Du sang sur les murs chez les Républicains

La question des législatives commence à faire grand bruit chez les Républicains. Nathalie Kosciusko-Morizet aurait profité de son voyage à Las Vegas avec François Fillon pour obtenir son parachutage dans la circonscription occupée par le vainqueur de la primaire, mais convoitée par Rachida Dati. Du coup, Rachida enrage et a décidé de tirer dans les pattes du candidat LR.

« Il est urgent que François Fillon corrige le cap de sa campagne sinon on va droit dans le mur. »

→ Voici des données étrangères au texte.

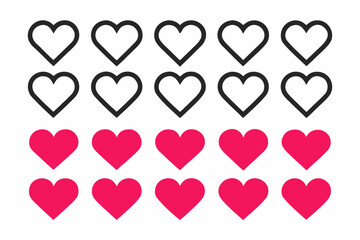 Fifteen hearts in rows with two rows of outlined hearts and two rows of solid pink hearts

On s’amusera d’entendre la maire du très chic VIIè arrondissement de Paris préconiser un retour aux pauvres. En tout cas, elle ne peut être soupçonnée de lancer un plaidoyer pro domo, puisque son arrondissement est probablement le territoire le plus riche de France.

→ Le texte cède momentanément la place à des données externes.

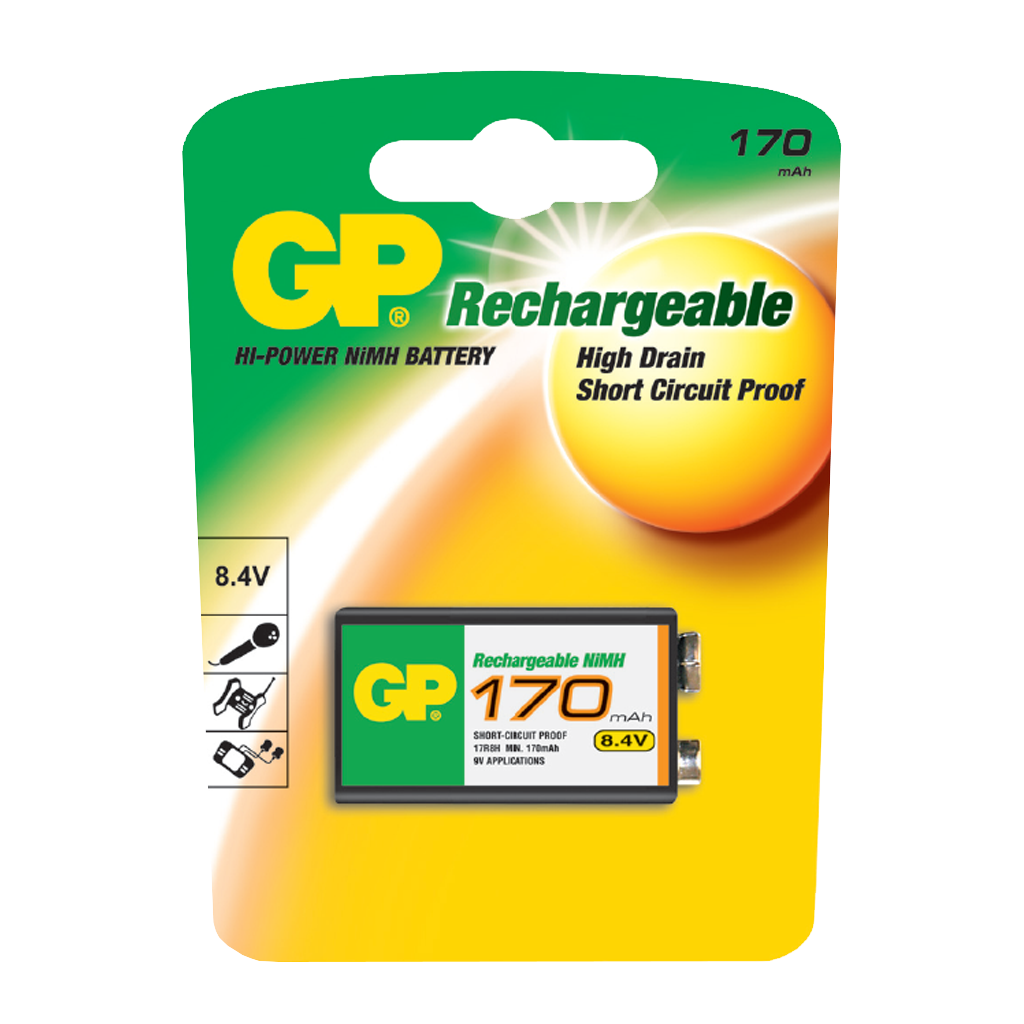 Pila/Bateria Recargable Aplicada a 9V NI-MH 170 mAh 8.4 V 8.4 V GP GP17R8H-2LA1-GPRHV178R023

Les Républicains anticipent-ils un retour en grâce du PS?

La raison pour laquelle François Fillon a parachuté NKM sur les terres de Rachida pose quand même question. Malgré la curée à laquelle la gauche se prépare, NKM renonce à combattre le frondeur parisien Pascal Cherki dans sa circonscription. Voilà un indice intéressant. Certes, Paris vote plus à gauche que le reste de la France, surtout depuis le départ de Jacques Chirac. Il n’en reste pas moins que cette retraite en bon ordre face à l’ennemi en dit long sur la prudence de NKM et de Fillon pour les prochains mois.

Au passage, NKM deviendra indétrônable à Paris, ce dont les Républicains pourraient se mordre longtemps les doigts.

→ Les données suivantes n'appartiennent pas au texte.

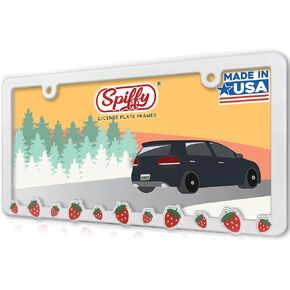 Cute Pink Strawberry License Plate Frame for women by Spiffy Accessories | Kawaii White License Plate Cover | Aesthetic Boho Pretty Tag Holder for Cars | Great Gift for New Car Owner | Made in the USA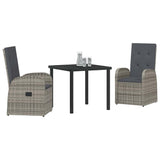 Garden Dining Set with Cushion 3 pcs Grey Poly Rattan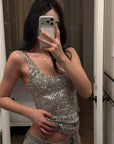 ROVENTE Sequin Fitted Tank Top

Macron entame un virage en épingle à cheveux

Fillon n’est pas le seul à pressentir que la primaire de la gauche pourrait constituer un réveil salutaire pour les électeurs socialistes. Macron a lui aussi senti le danger.

Le PS (enfin… la Belle Alliance Populaire) occupe désormais le débat public et Macron, comme il fallait s’y attendre, doit mener une course de fond pour récupérer un peu d’audience. Il a donc programmé une conférence de presse le matin du troisième débat, passée relativement inaperçue. Voilà qui augure mal de la suite. Du coup, le voilà obligé de jouer un va-tout: la menace (très illusoire, et bientôt pathétique) de fermer les vannes de ses investitures aux législatives.

La manoeuvre a-t-elle une chance d’aboutir? On voit mal quel élu socialiste lâcherait la proie pour l’ombre avant que le candidat ne soit investi à l’issue du deuxième tour de la primaire. Pour Macron, une passivité des notables socialistes vis-à-vis de sa menace pourrait bien constituer le chant du cygne.

Les législatives, cet obscur objet du désir. Et après, on dira que le Parlement ne représente plus rien…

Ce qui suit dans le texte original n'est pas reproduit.